▶ [Task brief]
Given the records below, the lines starting at the line with "EAN 8435333859872" and ending at the line with "Ix35 2.0 Mpfi Gls 16V Flex 4P Automático" should be output exactly, both end lines kept and pictures left out.

(Stored data)
Start of Block
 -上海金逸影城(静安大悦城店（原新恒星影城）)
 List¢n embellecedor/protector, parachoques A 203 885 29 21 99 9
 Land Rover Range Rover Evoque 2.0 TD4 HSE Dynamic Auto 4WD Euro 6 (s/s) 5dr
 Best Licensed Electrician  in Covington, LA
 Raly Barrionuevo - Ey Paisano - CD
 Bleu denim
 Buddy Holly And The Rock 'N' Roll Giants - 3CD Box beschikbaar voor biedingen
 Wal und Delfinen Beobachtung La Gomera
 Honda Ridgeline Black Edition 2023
End of Block
Start of Block
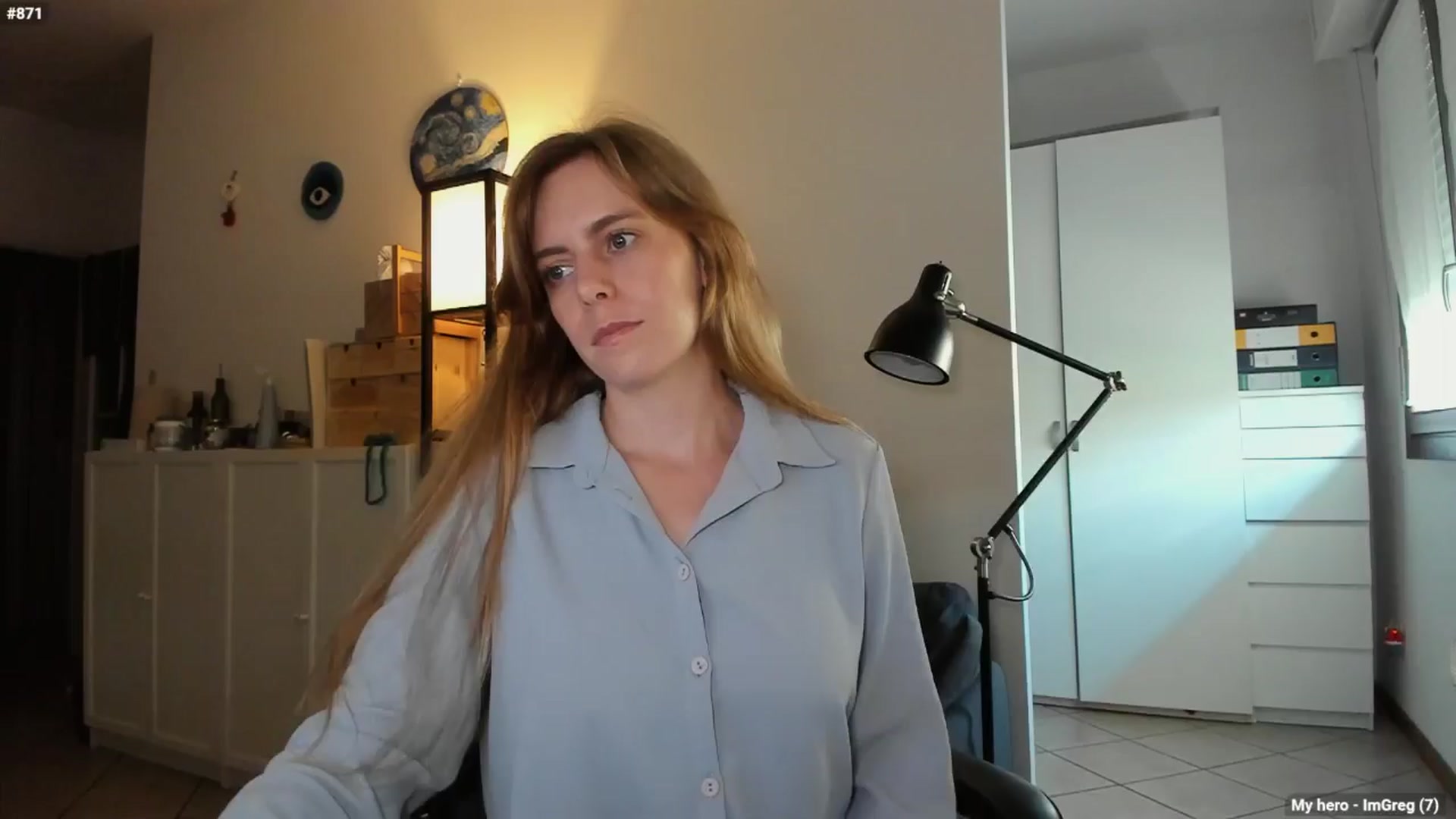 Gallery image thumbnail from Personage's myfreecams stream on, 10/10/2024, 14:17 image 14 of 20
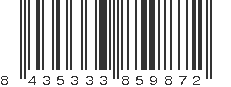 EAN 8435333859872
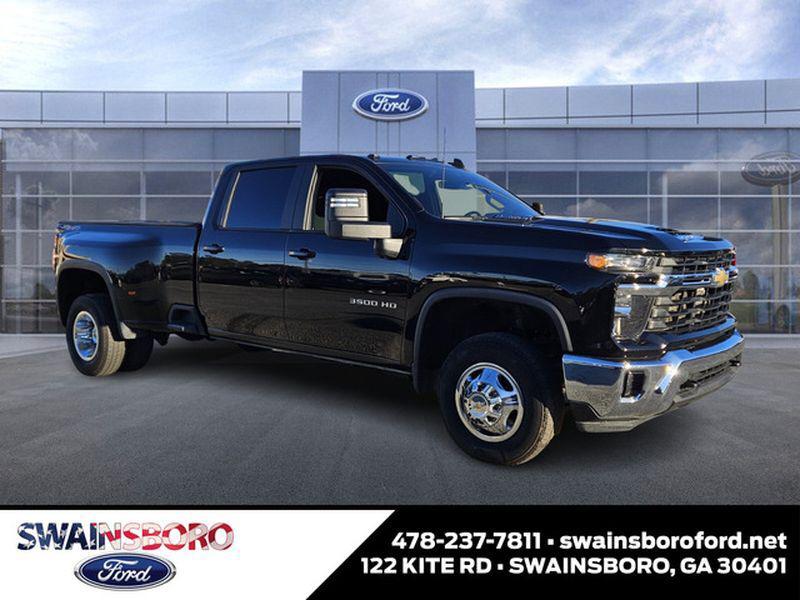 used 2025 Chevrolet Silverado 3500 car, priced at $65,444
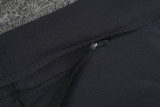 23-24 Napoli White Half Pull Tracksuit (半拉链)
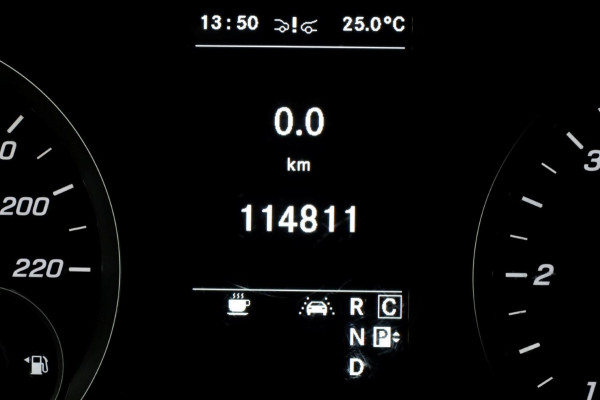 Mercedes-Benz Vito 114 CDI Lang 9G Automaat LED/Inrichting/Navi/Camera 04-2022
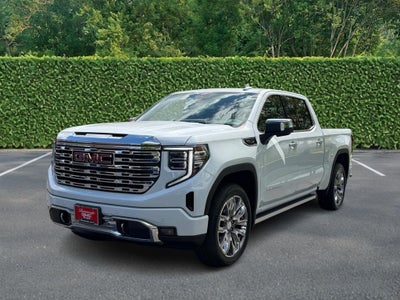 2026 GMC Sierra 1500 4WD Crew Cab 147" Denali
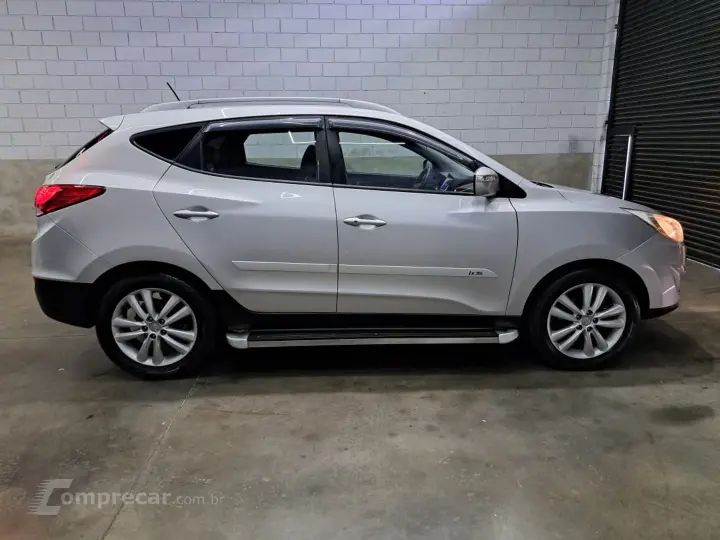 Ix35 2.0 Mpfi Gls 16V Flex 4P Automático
End of Block
Start of Block
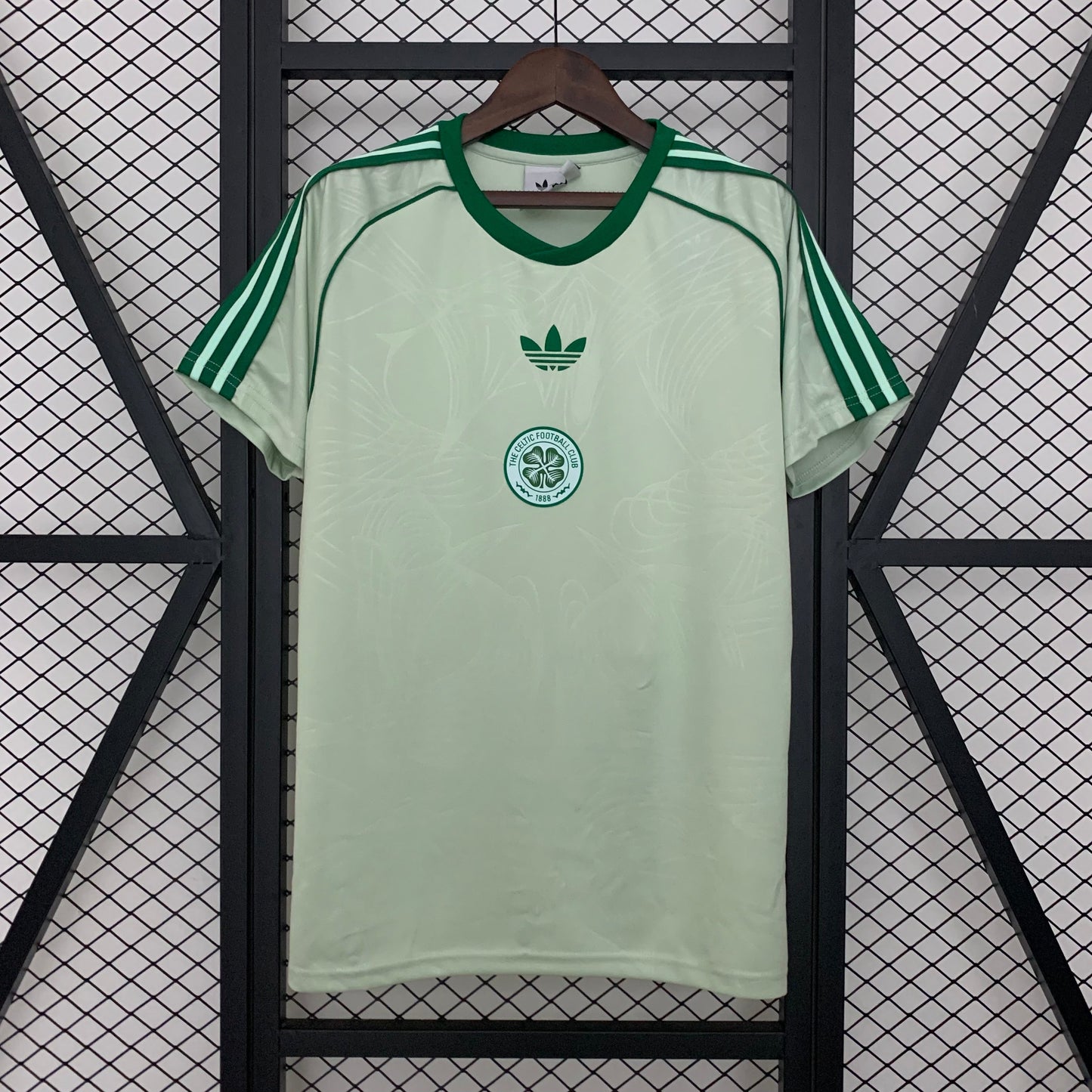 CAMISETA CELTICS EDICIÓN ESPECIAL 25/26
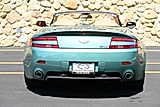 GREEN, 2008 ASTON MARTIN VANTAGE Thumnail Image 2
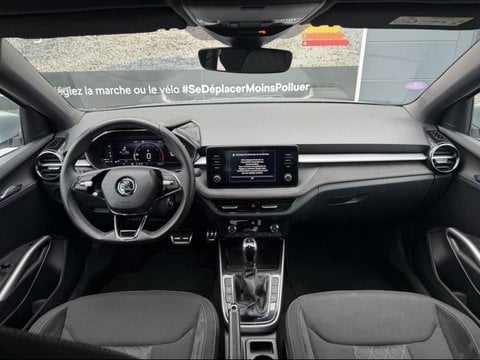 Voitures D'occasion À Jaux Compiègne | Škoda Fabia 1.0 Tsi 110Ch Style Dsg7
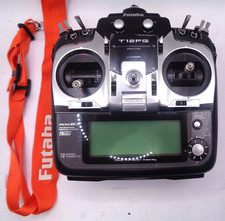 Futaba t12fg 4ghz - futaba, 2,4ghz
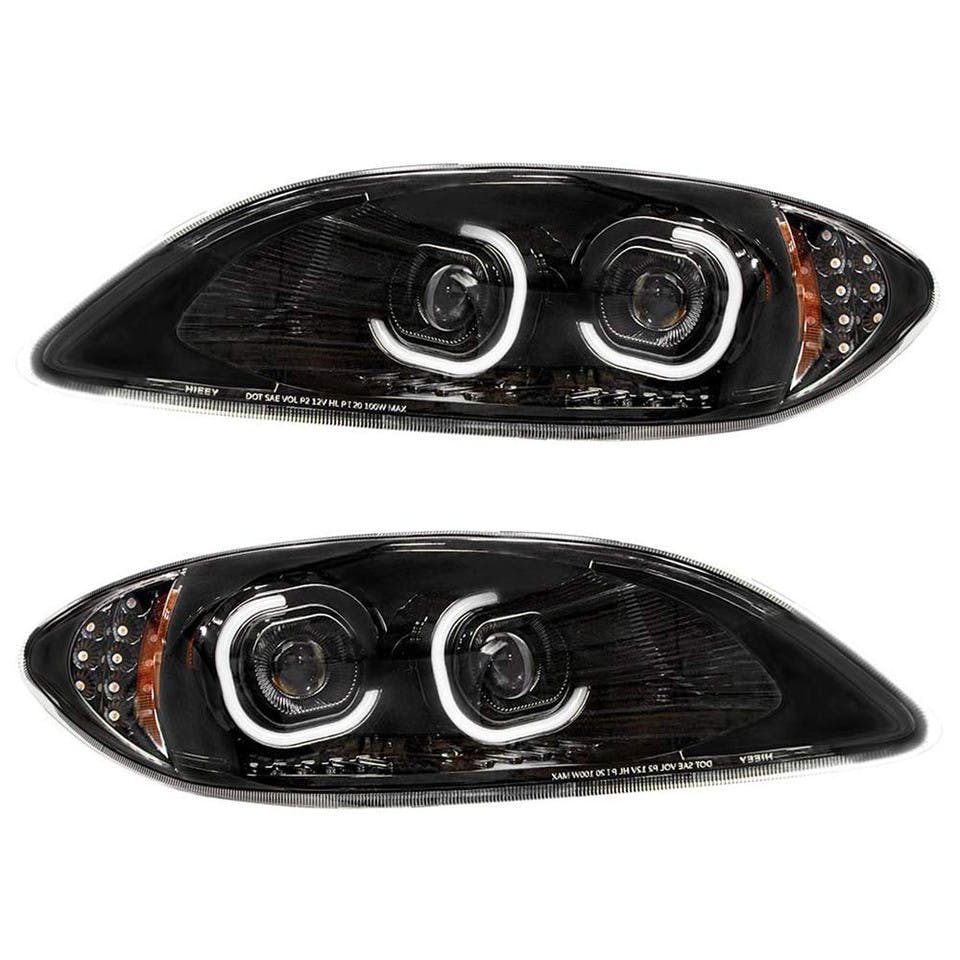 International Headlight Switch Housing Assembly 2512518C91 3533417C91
End of Block
▶ [Response to this task]
 EAN 8435333859872
 used 2025 Chevrolet Silverado 3500 car, priced at $65,444
 23-24 Napoli White Half Pull Tracksuit (半拉链)
 Mercedes-Benz Vito 114 CDI Lang 9G Automaat LED/Inrichting/Navi/Camera 04-2022
 2026 GMC Sierra 1500 4WD Crew Cab 147" Denali
 Ix35 2.0 Mpfi Gls 16V Flex 4P Automático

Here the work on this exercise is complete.